Canadian Patent No. 814,792 Cronin, June 1969 shows the use of an expansible rubber pipe within a rigid conduit, for transferring air-borne particulate material. Increased air pressure swells the inner pipe, to dislodge particulate material coated on to the inner surface of the expansible pipe, thus permitting it to be blown clear.
U.S. Pat. No. 4,662,829 May 1987, discloses an air-driven pump having an air-differential pressure chamber and an adjoining pumping chamber. The air chamber includes a mechanically displaced venting valve to cause cyclic operation of the system. The air chamber operates with either positive applied air pressure, or with negative pressure (suction).
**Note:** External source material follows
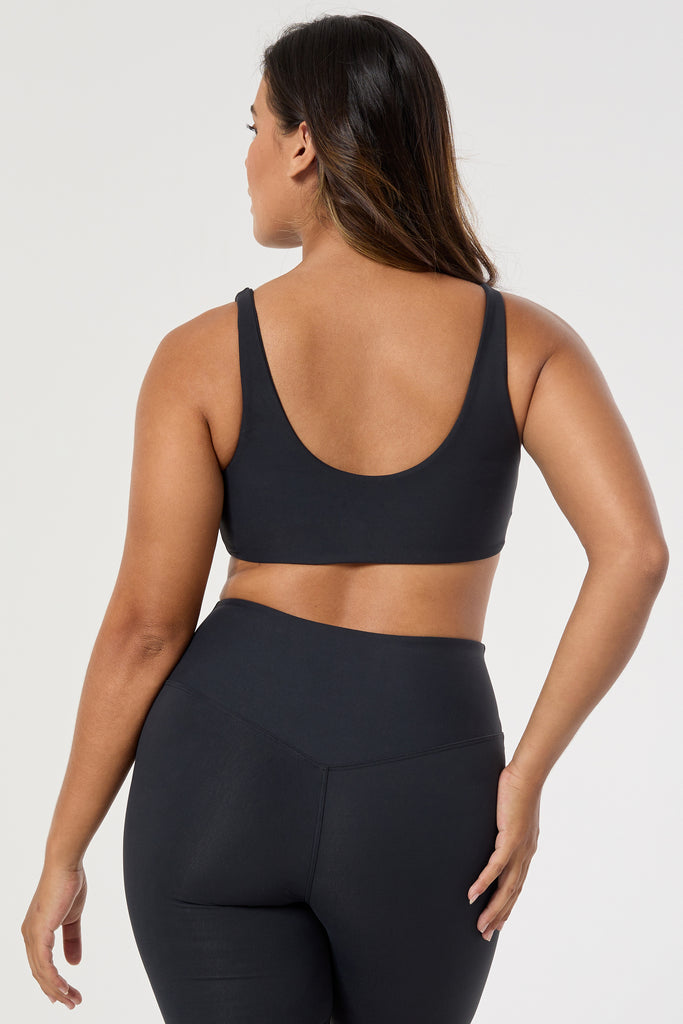 Mid-high waisted black shorts with a V-shaped back seam for a flattering lift. Squat proof, no front seam, and double-layered waistband, back view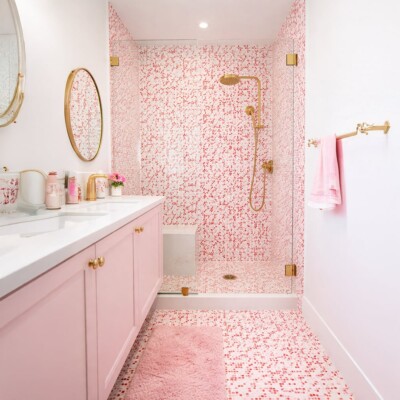 Ruby Glossy Polka Colore Look Ceramic Mosaics 12×12 (MS01991) Room Scene Image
In the case of avoiding waterline freeze-up, the two prior water displacement systems, of Erickson and Gauthier, do not appear to have become commercially viable, as the most widely used system at present appears to be that employing an electrically heated cable, such as that of the Heat-Line Corporation, or the Pyrotennax.RTM. system. The latter system presently has a cost of about $39 per meter ($12 per foot), and with rather high associated running costs for the required electrical current consumption, at about 22-watts per meter, (7-watts per foot) when active.
One of the probems that has occurred with the above referred-to Gauthier system, that may have prevented its commercial success, is the failure of its flexible-walled inner hose, where it secures to the end fitting. In use, upon repeated cycles of collapse and expansion, the thick-walled hose fails in tension. Gauthier relies upon the inherent self-restoring tendency of a thick-walled gum-rubber hose both to expand diametrically under pumping pressures, and to contract subsequently, upon cessation of pumping, so as "to provide significant dewatering of the hose on depressurization of the hose". This effect is assisted with the application of air pressure, from a residual air cushion surrounding the hose.